Adrianna over at A Cozy Kitchen offers a lot of delicious, meatless options, like her Spicy Vegan Chili, Baked Eggs in Spicy Tomato Sauce and this super-interesting sounding Chile, Corn and Cheddar Pizza. Joy the Baker has some great vegetarian options, too. I’m especially excited to try her Savory Cornmeal and Chive Waffles with Salsa and Eggs. Double yum. Joy and Adrianna aren’t vegetarians, they’re just girls trying to eat yummy, healthy food that won’t cost an arm and a leg. (They both get paid to blog, it’s worth noting. They don’t need to save money on groceries as much as us normal folk.)

As far as veggie recipes go, my go-to meal is Veggie Pad Thai Rice. I use a double recipe of the pad thai sauce from Big Girls Small Kitchen, scramble a couple eggs, stir fry whichever veggies I can find in the kitchen and top the whole mess with Sriracha and sliced green onions. Rice is a cheaper and easier-to-find alternative to the traditional rice noodles. While I definitely still enjoy real-deal pad thai when I go out to eat, my dish is a good substitute when the craving strikes. (For the best pad thai in KC, check out Lulu’s on Southwest Boulevard. And order some pan-fried seafood dumplings and mango mojitos while you’re there. Okay? Thanks.)

Easy Pad Thai Rice:

2 servings

You could always add meat to this. Just stir fry some chicken or shrimp before the veggies, remove it from the heat and add it back in at the end.

Sauce: *

¼ c oyster sauce

2 tbsp fish sauce

2 tbsp sugar

*The oyster and fish sauces can be found in the “ethnic” food section of most bigger grocery stores.
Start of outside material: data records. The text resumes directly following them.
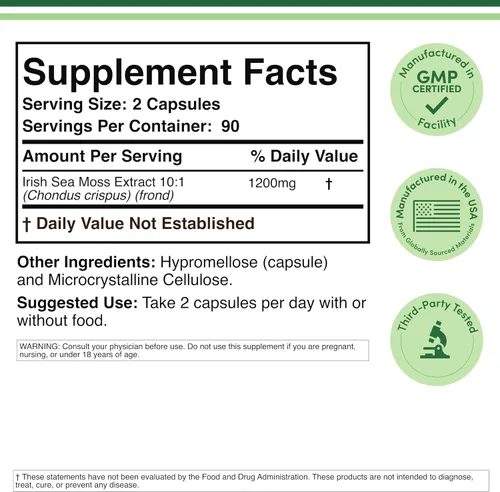 Vista 2 de Double Wood - Cápsulas de musgo marino irlandés, más potentes que el extracto de gel de musgo marino (180 unidades, 1,200 mg por porción)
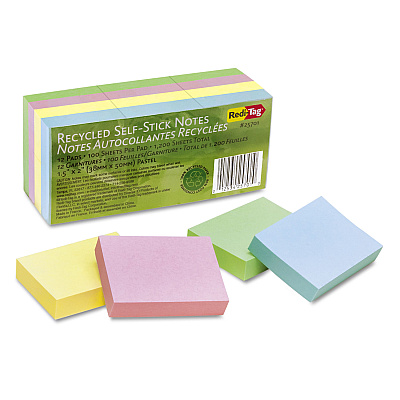 Redi-Tag 100% Recycled Self-Stick Notes, 1.5" x 2", Assorted Pastel Colors, 100 Sheets/Pad, 12 Pads/Pack (RTG25701)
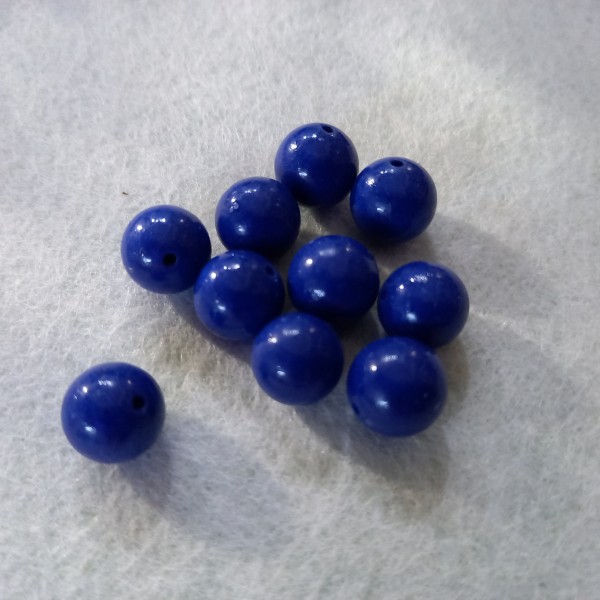 10 Perles bleues en verre, 5mm - Photo n°1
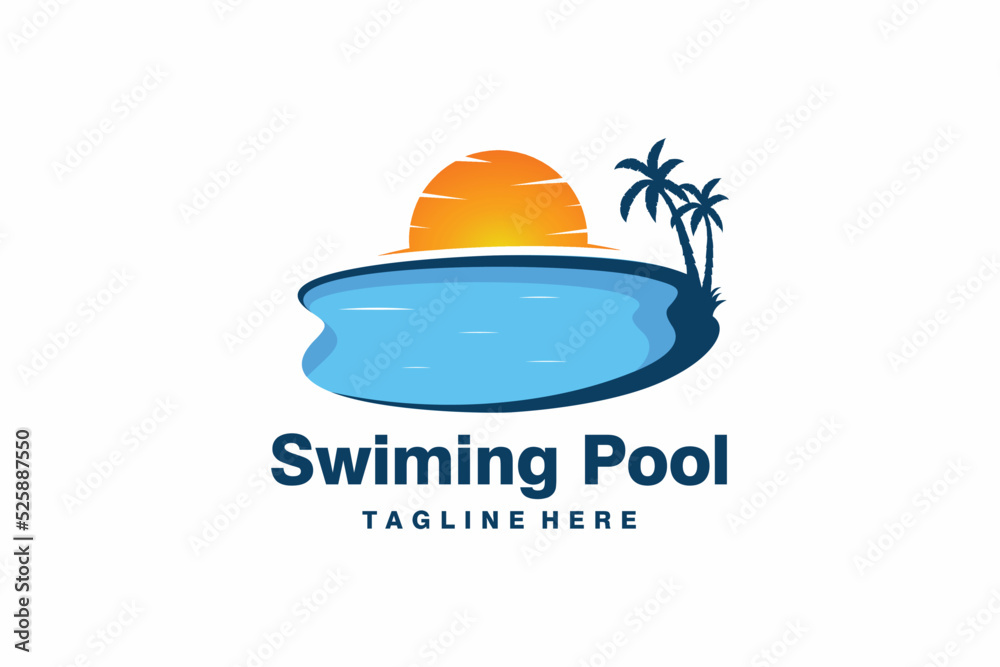 summer swimming pool logo design summer swimming pool logo design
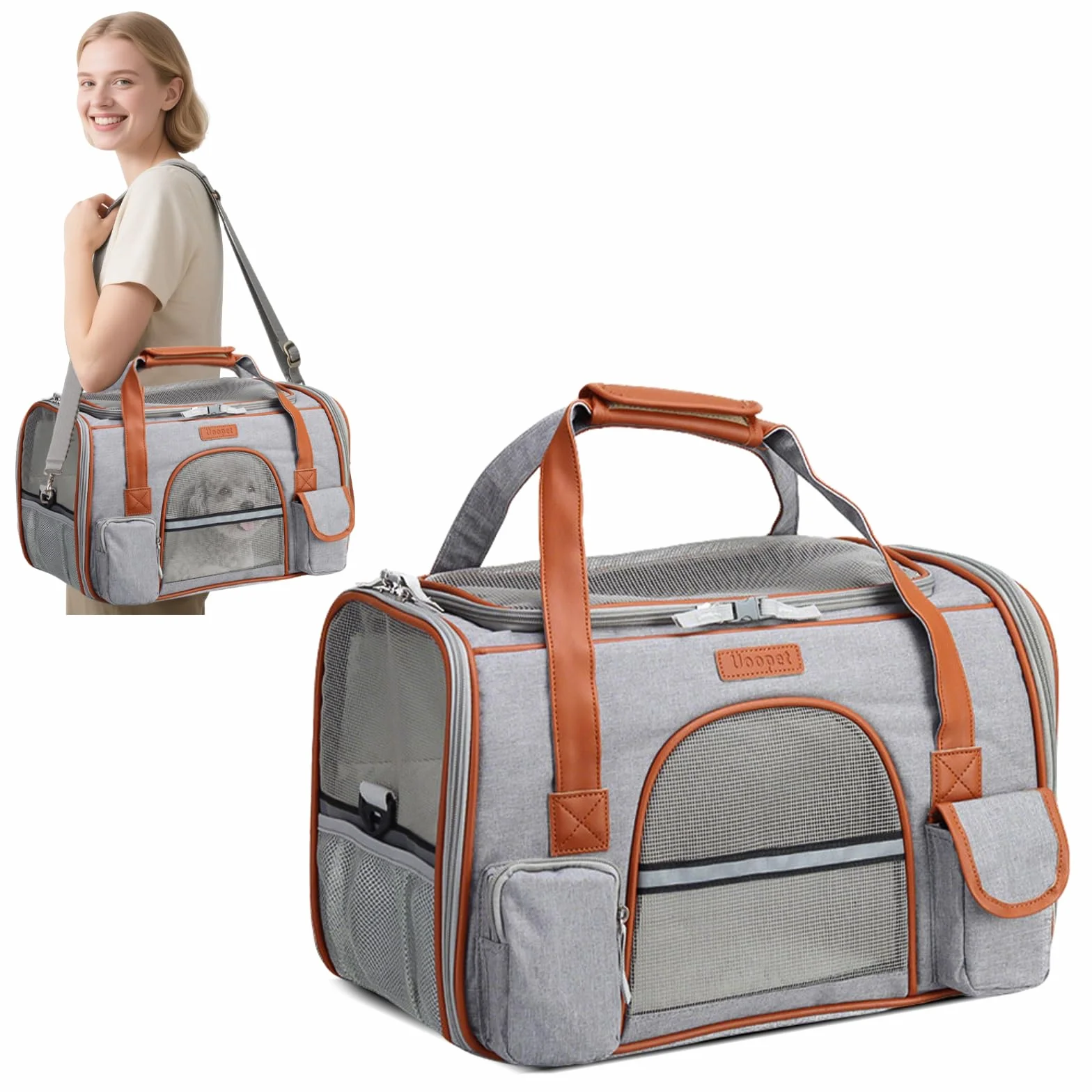 PETCUTE Transportin Gato,Bolsa Transporte Portátil y Transpirable para Mascotas con Colchón Suave,Tira Reflectante,Bolsa de Transporte para Gatos con Correa de Hombro Ajustable,Aerolínea Aprobado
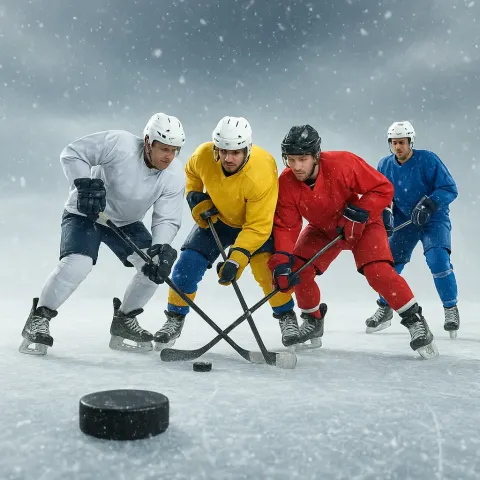 Game of Ice Hockey Featuring a Dark Puck
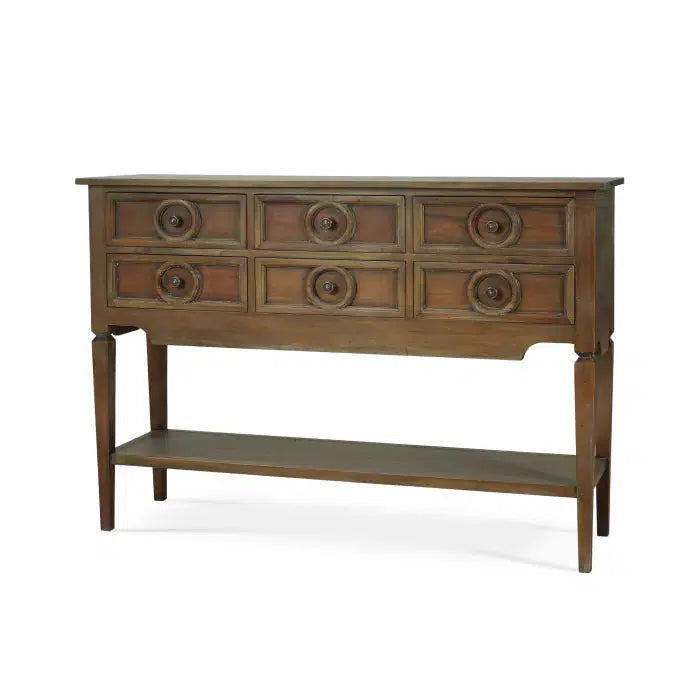 Orleans Console Table In Architectural White-Blue Hand Home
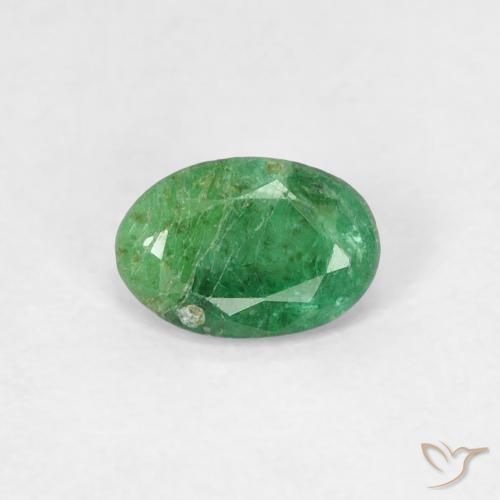 0.37ct Натуральный Средний зеленый Изумруд, Овал, SI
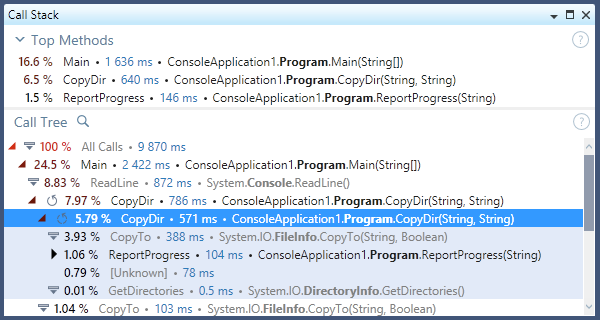 Recursive call stack in dotTrace Timeline Viewer 2016.2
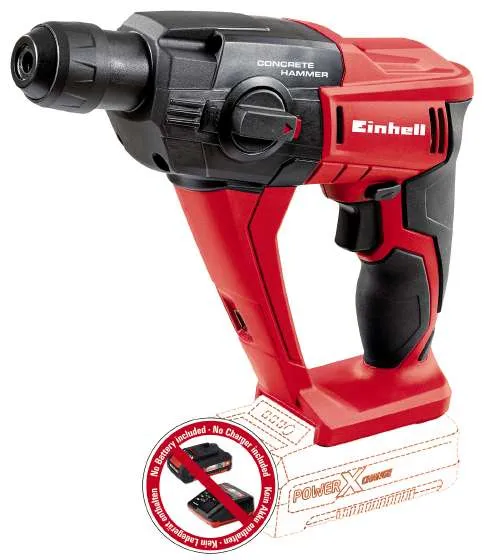 Einhell TE-HD 18 Li - Solo, Svart, Röd, 1,2 cm, 1100 RPM, 1,2 J, 5700 BPM, Batteri - SOLO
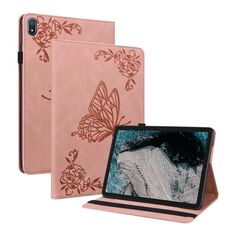 Custodia per tablet in pelle goffrata fiore farfalla per Nokia T20 (oro rosa)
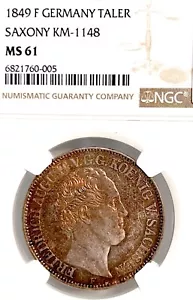 German States Saxony 1849 F Taler Coin NGC MS 61 VZ/F.STG Thaler UNC RARE COLORS - Picture 1 of 3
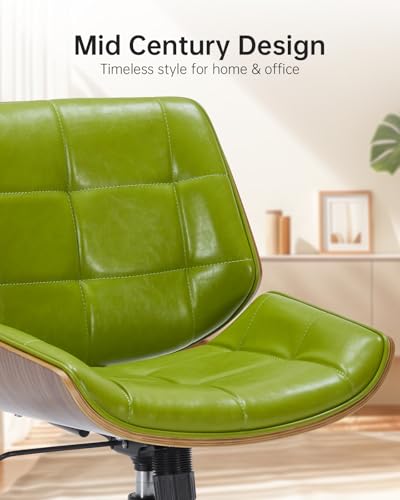 Image of Mid-Century Modern Home Office Chair,Accent Ergonomic Desk Chair with Walnut Finish&PU Leather,Armless Executive Computer Chair with 360 Swivel Rolling Wheels for Vanity, Bedroom&Workspace (Green)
Veggies (use whatever sounds good to you! But I typically use…):

2 med carrots, sliced into sticks

1 large zucchini, sliced into sticks

½ red onion, sliced thinly

4 green onions, light green and dark green parts

2 eggs

1 c rice



Whisk sauce ingredients together in small bowl and set aside.



Scramble eggs and prepare one cup of dry rice (which will make 2 servings once cooked. I use quick white rice, but I’m sure this would be yummy with brown rice, too). Set eggs and rice aside.



Working in batches, stir fry the veggies over medium high heat (I use “7” setting) in about ½ tablespoon of veggie oil. I typically start with the carrots, which take the longest to cook, and do the red onions last. Once one veggie is done (tender with some brown spots), remove it to a bowl and continue with the next one, adding more oil as needed. Don’t overcook! Nothing is worse than mushy vegetables.

See? Brown spots.

Add the green onions at the last minute, so they warm up but don’t cook much. Add all the veggies, the rice, the eggs and all the sauce to the stir fry pan. Fold together gently.

Top individual servings with Sriracha. Don’t be a baby – a little spice is nice. Chopped cilantro is also delicious and adds even more color to this pretty bowl.

Don’t eat the whole thing, no matter how good it is. Your belly will hurt. I speak from experience here.